This exercise asks for an exact copy of every entry below, with pictures omitted.
+++ GIVEN DATA
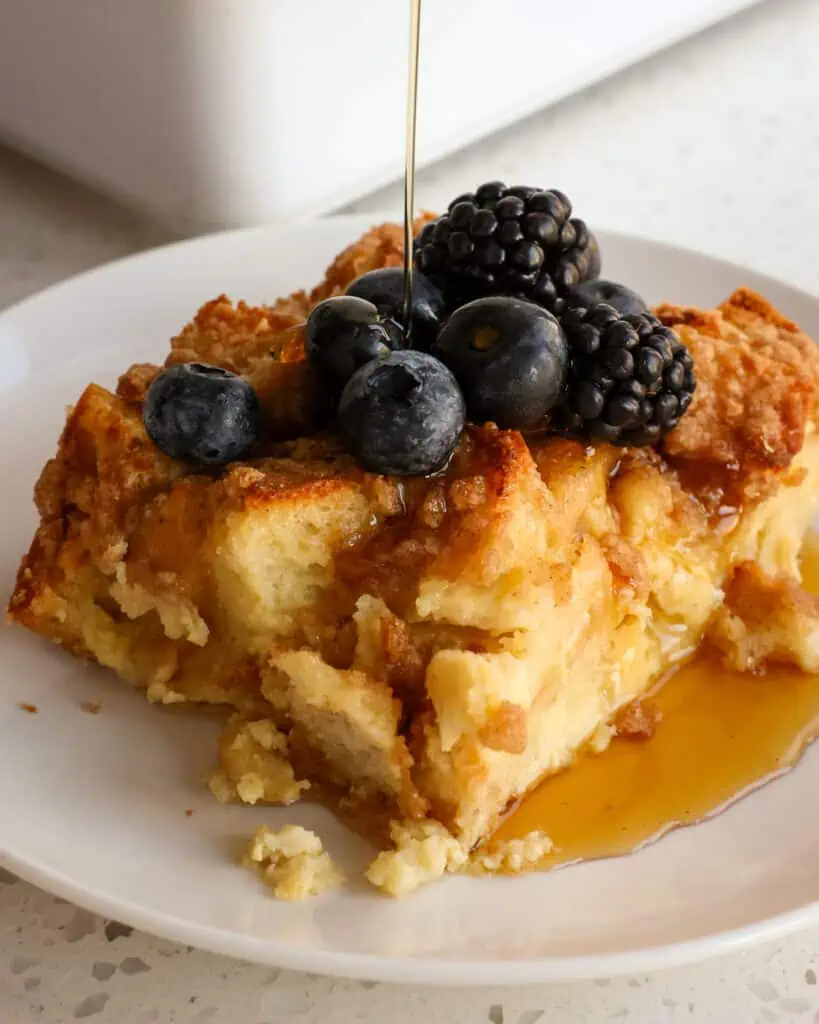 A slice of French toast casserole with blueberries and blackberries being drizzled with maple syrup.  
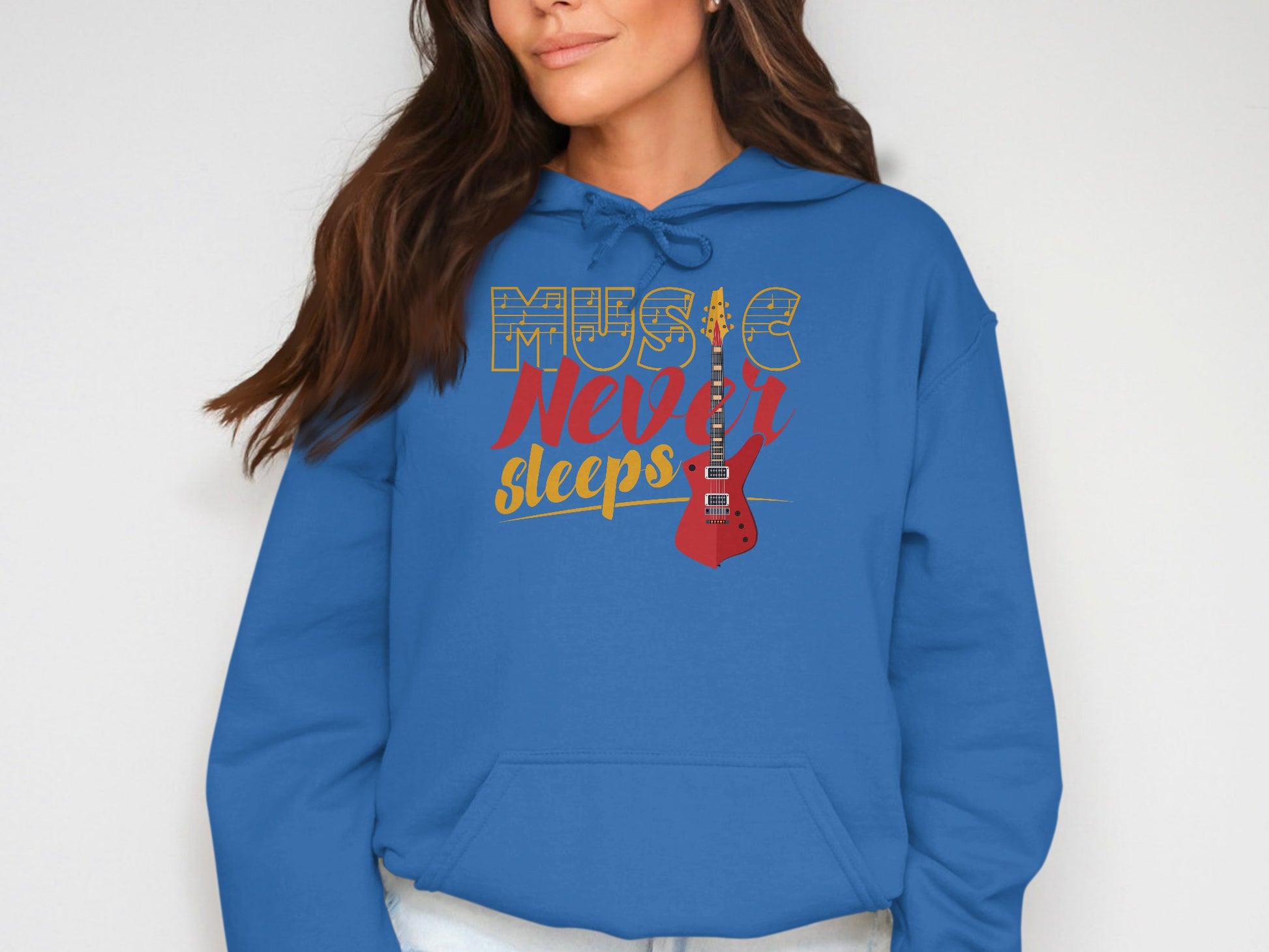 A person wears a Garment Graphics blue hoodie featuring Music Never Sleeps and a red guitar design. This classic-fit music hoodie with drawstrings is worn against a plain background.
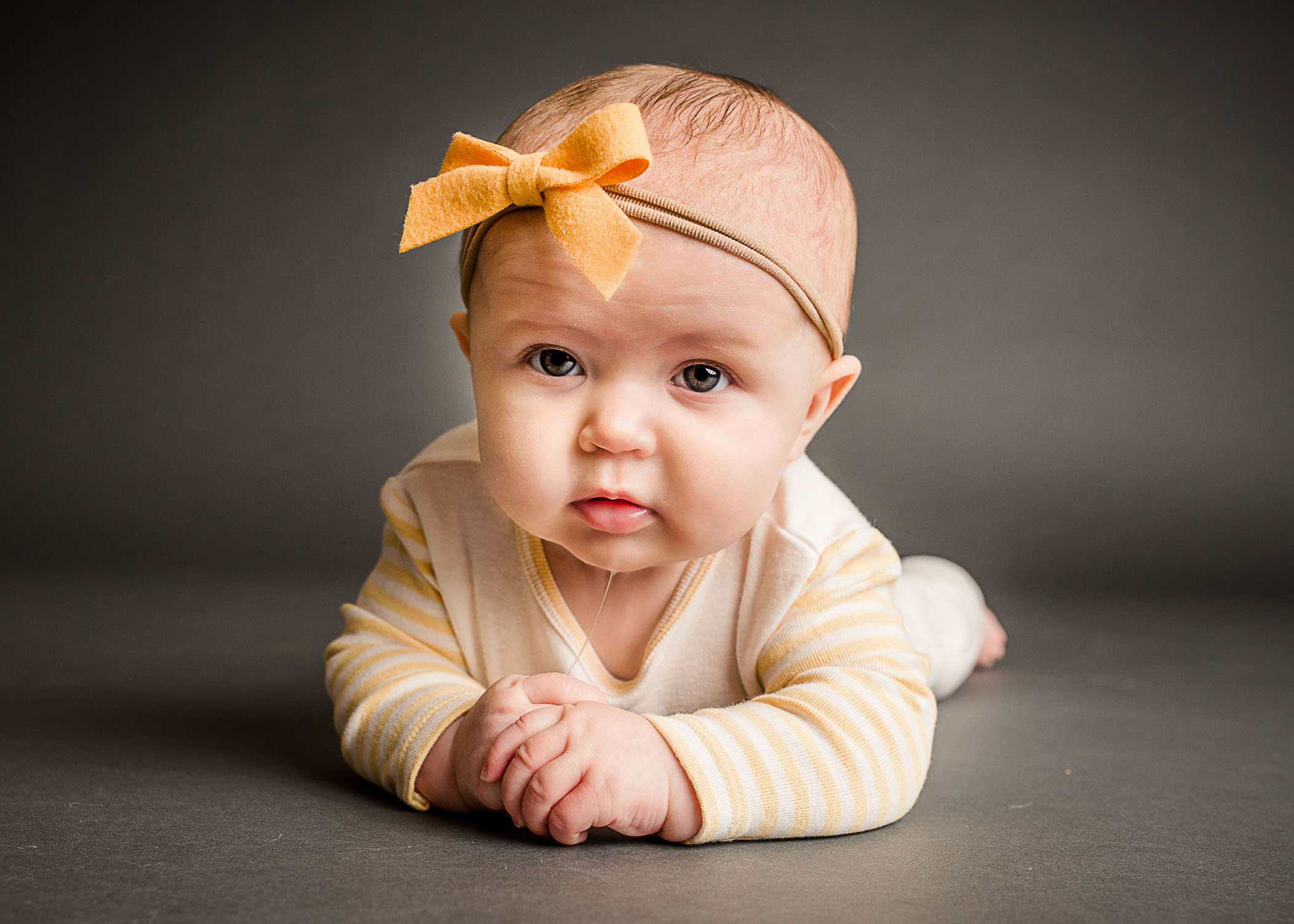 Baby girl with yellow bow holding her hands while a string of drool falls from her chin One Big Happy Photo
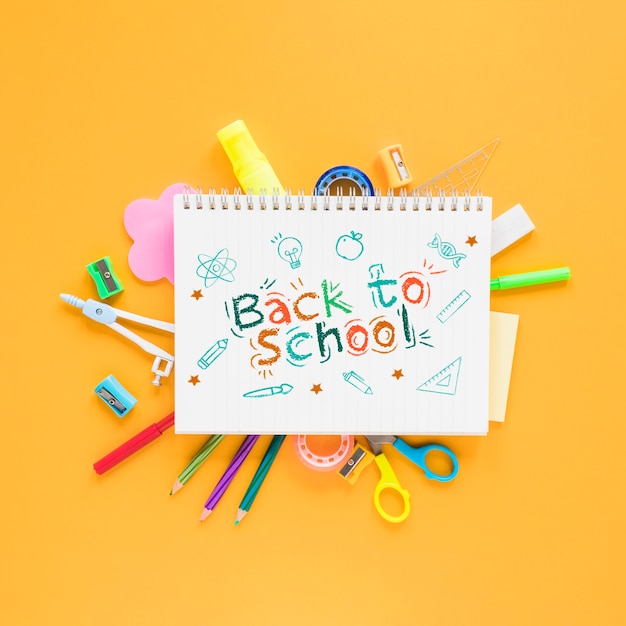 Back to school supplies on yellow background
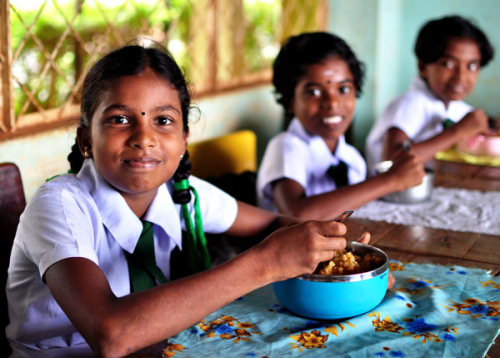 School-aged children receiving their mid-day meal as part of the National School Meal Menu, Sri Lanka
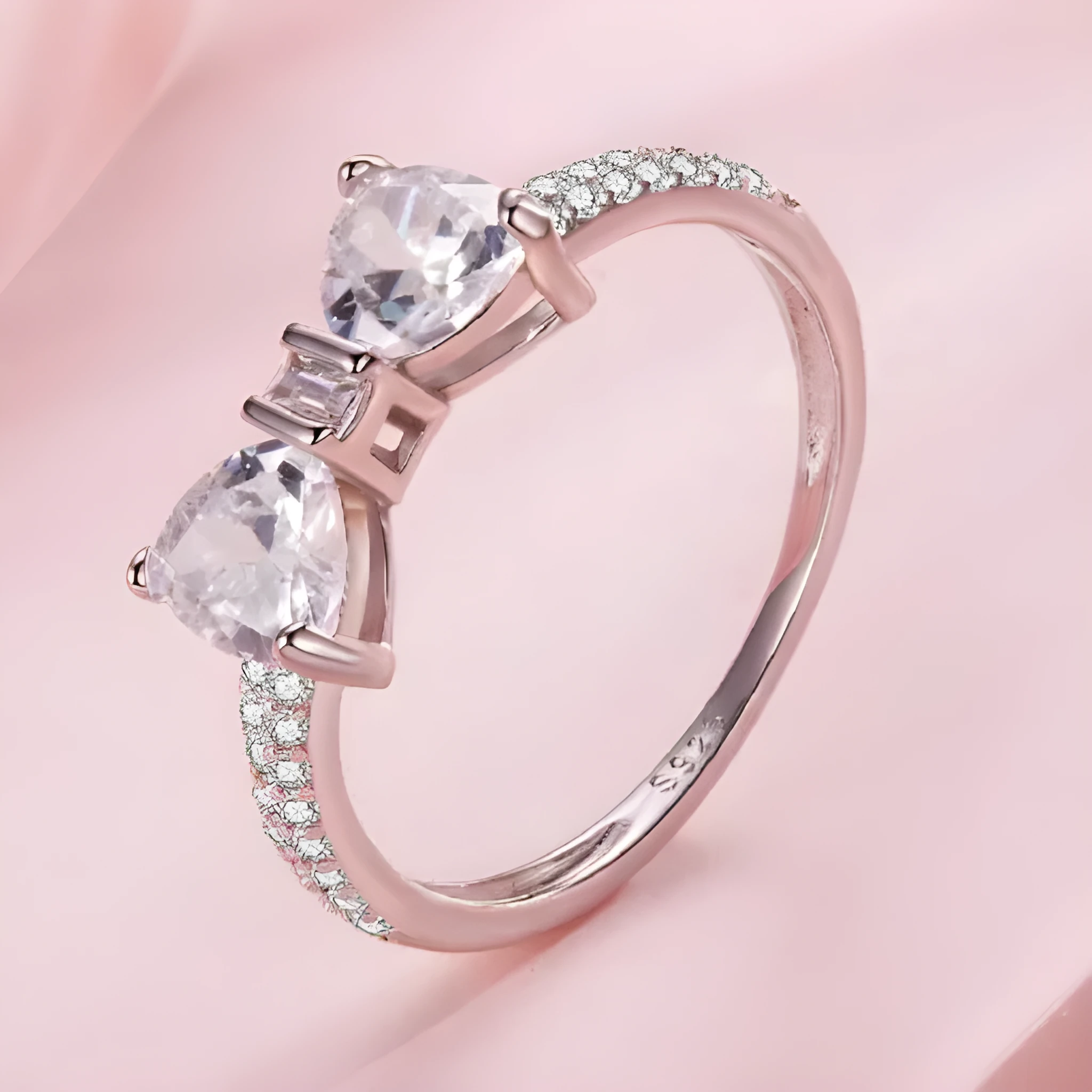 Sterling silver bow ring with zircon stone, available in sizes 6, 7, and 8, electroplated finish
++++++
» **RESULT FOR THIS TASK**:
 A slice of French toast casserole with blueberries and blackberries being drizzled with maple syrup.  
 A person wears a Garment Graphics blue hoodie featuring Music Never Sleeps and a red guitar design. This classic-fit music hoodie with drawstrings is worn against a plain background.
 Baby girl with yellow bow holding her hands while a string of drool falls from her chin One Big Happy Photo
 Back to school supplies on yellow background
 School-aged children receiving their mid-day meal as part of the National School Meal Menu, Sri Lanka
 Sterling silver bow ring with zircon stone, available in sizes 6, 7, and 8, electroplated finish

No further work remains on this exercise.